Who loves Dom?
Cummings has burnt too many bridges to survive committing the cardinal British political sin: hypocricy
25 January 2016 is not a date that has gone down in history. Despite that, the events of that day were critical to Britain voting to leave the EU, with all that’s meant since. That morning, Dominic Cummings was summoned to a meeting that was intended to remove him from running the Vote Leave campaign.
The meeting did not turn out as its board intended. Cummings responded by asserting that key senior Vote Leave staff as well as a good deal of the rest of the office, would walk were he sacked; assertions that a few quick phone calls validated. In the face of losing pretty much their whole staff less than five months before the referendum day, they backed down. The rest is well known: the data mining, the social media campaigns, the £350m/week, the signing up of Gove to Leave, and the Boris Johnson – without Cummings at its head, there’s every chance that Leave would have lost (probably not by much but lost all the same).
The crucial point here though is that Cummings needed leverage to see off the coup, in the form of support from his Vote Leave colleagues; support he was confident he would get. It was all very well him being rude to the MPs who were notionally his bosses because ultimately, they didn’t have the power to remove him and once the point had been proven, he could ignore them at will.
This is a lesson he appears to have forgotten. Since ascending the heights of Boris Johnson’s key advisor, he’s retained his legendary rudeness and contempt for norms but without any obvious sign of building up the sort of Praetorian Guard that saved him at Vote Leave. He has a patron, of course – and a very powerful one at that, in the form of the Prime Minister. That, however, may not be enough for at least three reasons.
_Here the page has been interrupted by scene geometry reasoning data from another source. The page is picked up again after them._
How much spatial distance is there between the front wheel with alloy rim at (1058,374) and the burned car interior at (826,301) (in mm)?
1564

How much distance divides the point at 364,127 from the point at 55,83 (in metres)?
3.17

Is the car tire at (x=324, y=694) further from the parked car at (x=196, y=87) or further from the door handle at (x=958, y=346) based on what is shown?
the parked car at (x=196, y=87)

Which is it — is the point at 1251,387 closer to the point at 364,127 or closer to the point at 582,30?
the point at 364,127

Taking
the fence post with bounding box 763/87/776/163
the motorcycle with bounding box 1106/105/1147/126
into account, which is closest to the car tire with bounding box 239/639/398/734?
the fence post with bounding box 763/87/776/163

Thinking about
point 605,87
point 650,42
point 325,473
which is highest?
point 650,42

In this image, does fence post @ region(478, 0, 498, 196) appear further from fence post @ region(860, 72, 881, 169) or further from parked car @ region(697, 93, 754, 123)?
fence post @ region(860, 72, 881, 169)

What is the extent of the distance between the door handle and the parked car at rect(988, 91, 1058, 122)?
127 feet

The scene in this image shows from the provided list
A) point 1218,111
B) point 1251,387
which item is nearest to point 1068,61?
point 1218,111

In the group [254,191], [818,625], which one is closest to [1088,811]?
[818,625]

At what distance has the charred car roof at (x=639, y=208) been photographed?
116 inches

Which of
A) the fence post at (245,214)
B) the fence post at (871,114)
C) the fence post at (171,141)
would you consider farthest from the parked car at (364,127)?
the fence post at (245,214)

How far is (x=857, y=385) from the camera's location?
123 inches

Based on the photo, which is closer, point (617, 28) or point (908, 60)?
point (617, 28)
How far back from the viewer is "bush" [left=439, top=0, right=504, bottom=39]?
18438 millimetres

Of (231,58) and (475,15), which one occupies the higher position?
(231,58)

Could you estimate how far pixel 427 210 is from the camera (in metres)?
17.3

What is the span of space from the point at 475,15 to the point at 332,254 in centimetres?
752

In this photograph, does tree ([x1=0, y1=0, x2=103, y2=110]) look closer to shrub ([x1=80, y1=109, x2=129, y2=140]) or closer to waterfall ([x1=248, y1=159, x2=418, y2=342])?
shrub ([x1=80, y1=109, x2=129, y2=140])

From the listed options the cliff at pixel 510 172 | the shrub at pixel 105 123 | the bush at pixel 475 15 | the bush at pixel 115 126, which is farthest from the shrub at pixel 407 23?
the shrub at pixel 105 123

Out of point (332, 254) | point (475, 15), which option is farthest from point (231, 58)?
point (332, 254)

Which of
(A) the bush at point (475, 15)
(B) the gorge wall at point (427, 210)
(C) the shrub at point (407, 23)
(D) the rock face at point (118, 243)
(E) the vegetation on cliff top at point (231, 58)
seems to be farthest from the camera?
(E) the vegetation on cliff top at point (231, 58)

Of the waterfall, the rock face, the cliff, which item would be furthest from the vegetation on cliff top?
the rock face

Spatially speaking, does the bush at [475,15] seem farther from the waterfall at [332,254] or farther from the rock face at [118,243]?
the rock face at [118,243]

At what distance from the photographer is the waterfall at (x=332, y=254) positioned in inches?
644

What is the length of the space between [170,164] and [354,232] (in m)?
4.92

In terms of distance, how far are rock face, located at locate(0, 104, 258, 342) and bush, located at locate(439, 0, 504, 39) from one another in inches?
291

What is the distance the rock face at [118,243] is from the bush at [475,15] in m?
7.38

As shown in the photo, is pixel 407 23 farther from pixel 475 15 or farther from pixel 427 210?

Firstly, a political patron has to balance the value of retaining their valued adviser against the damage that keeping him does. Johnson’s own political position is strong for now and he won’t be brought down even if he retains Cummings. Doing so, however, would spend valuable political capital with both the public and with MPs; capital the PM might not want to spend.
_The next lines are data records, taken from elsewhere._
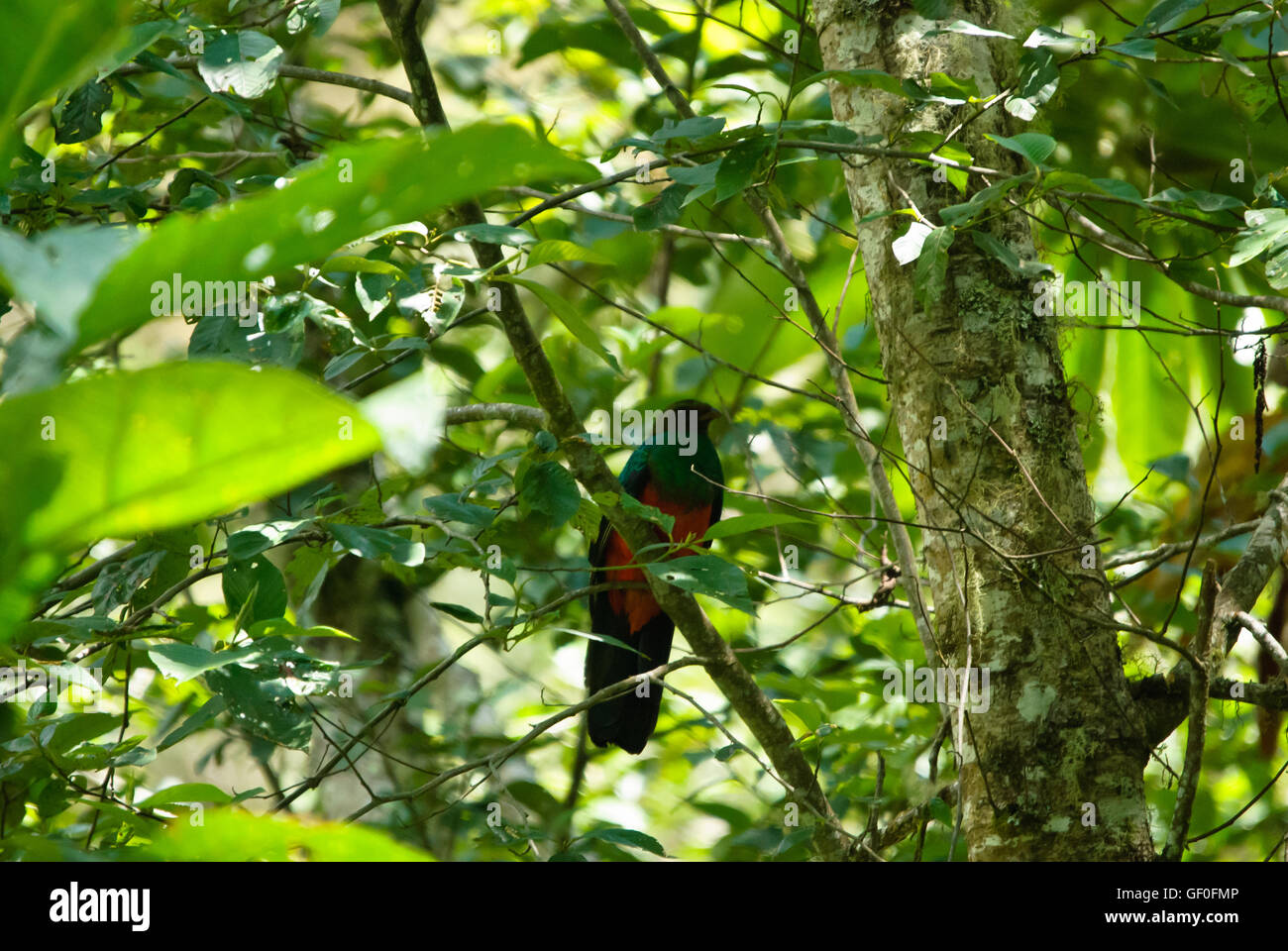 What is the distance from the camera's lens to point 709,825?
7.11 metres

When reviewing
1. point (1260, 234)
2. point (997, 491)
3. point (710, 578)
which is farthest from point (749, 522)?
point (1260, 234)

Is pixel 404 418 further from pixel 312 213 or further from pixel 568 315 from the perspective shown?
pixel 568 315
Secondly, neither the PM nor Cummings seem on top of their game at the moment – perhaps for health reasons. Cummings may well have come up with the “Stay home; protect the NHS; save lives” slogan: it certainly has his feel about it. There would be a deep irony if so. But that apart, the government hasn’t been co-ordinated recently, messages have been mixed, policies have had to be U-turned (the NHS immigrant charges, for example – an obvious bad policy to anyone with any political nous), and the media game is slipping badly. Any Odyssean Project seems still-born. So if he’s not doing much useful, is the pain worth it?
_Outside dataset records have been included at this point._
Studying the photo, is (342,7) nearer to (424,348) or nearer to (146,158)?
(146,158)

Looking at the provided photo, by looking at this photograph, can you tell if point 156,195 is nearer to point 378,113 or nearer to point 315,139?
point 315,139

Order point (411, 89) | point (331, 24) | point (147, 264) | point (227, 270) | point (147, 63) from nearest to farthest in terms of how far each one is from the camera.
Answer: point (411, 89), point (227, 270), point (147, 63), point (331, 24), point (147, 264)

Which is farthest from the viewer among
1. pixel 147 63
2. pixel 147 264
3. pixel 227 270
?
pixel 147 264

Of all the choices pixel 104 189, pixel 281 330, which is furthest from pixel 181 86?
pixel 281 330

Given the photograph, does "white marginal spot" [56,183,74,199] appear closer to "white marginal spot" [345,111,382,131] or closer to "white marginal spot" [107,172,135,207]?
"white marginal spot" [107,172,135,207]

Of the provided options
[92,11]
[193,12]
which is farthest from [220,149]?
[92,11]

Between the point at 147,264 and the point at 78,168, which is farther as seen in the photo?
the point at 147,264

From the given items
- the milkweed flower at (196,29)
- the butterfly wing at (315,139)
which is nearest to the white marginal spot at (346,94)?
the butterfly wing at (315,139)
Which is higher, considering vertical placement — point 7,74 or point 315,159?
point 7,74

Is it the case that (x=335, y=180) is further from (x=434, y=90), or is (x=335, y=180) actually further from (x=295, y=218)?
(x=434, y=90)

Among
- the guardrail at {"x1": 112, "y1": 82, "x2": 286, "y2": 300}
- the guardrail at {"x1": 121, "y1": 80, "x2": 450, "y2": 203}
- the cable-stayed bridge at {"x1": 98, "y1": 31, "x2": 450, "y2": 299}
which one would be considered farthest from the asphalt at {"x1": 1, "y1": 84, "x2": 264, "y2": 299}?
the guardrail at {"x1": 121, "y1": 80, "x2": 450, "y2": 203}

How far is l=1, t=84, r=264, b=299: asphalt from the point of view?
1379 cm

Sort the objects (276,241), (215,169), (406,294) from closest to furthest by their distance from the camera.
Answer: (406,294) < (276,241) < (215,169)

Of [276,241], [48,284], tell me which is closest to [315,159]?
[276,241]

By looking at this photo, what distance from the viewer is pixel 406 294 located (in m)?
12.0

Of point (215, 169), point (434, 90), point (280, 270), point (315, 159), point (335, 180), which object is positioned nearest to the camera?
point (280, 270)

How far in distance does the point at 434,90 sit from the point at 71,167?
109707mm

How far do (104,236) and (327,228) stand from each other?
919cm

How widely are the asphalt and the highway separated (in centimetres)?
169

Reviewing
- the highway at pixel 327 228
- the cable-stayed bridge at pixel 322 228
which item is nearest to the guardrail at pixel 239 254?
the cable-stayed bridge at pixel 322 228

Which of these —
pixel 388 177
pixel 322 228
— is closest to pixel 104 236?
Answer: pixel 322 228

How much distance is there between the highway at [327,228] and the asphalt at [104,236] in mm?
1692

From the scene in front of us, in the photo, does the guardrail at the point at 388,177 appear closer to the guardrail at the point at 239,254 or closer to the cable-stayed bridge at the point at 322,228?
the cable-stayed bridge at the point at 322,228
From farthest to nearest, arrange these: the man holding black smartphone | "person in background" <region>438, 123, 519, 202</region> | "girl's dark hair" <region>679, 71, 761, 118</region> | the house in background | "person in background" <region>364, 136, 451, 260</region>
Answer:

But most of all, Cummings is guilty of that greatest of British sins: hypocrisy. When people are prevented from attending the funerals of loved ones, from meeting critically ill family members, from all sorts of normal interactions in the interests of preserving the nation’s health, he – who quite possibly wrote the slogan that sums up the government’s strategy in eight words – not only didn’t stay home but didn’t stay home when he had Covid-19 symptoms. That kind of hypocrisy is not forgiven by the public.
Nor will forgiveness easily be extended to a protective patron who grants his friends special favours when livelihoods (and indeed lives) are being lost on a great scale. Such matters are not always critical but nor are they necessarily forgotten and they will continue to weigh in the balance.
The only way people usually survive such scandals is if they are effectively unsackable, as Cummings was in January 2016. He no longer has that ultra-loyal bodyguard – and even if he did, he’s in a different position now and is less important to Number 10 than he was to Vote Leave. I don’t see how he survives this. And I don’t see why he should.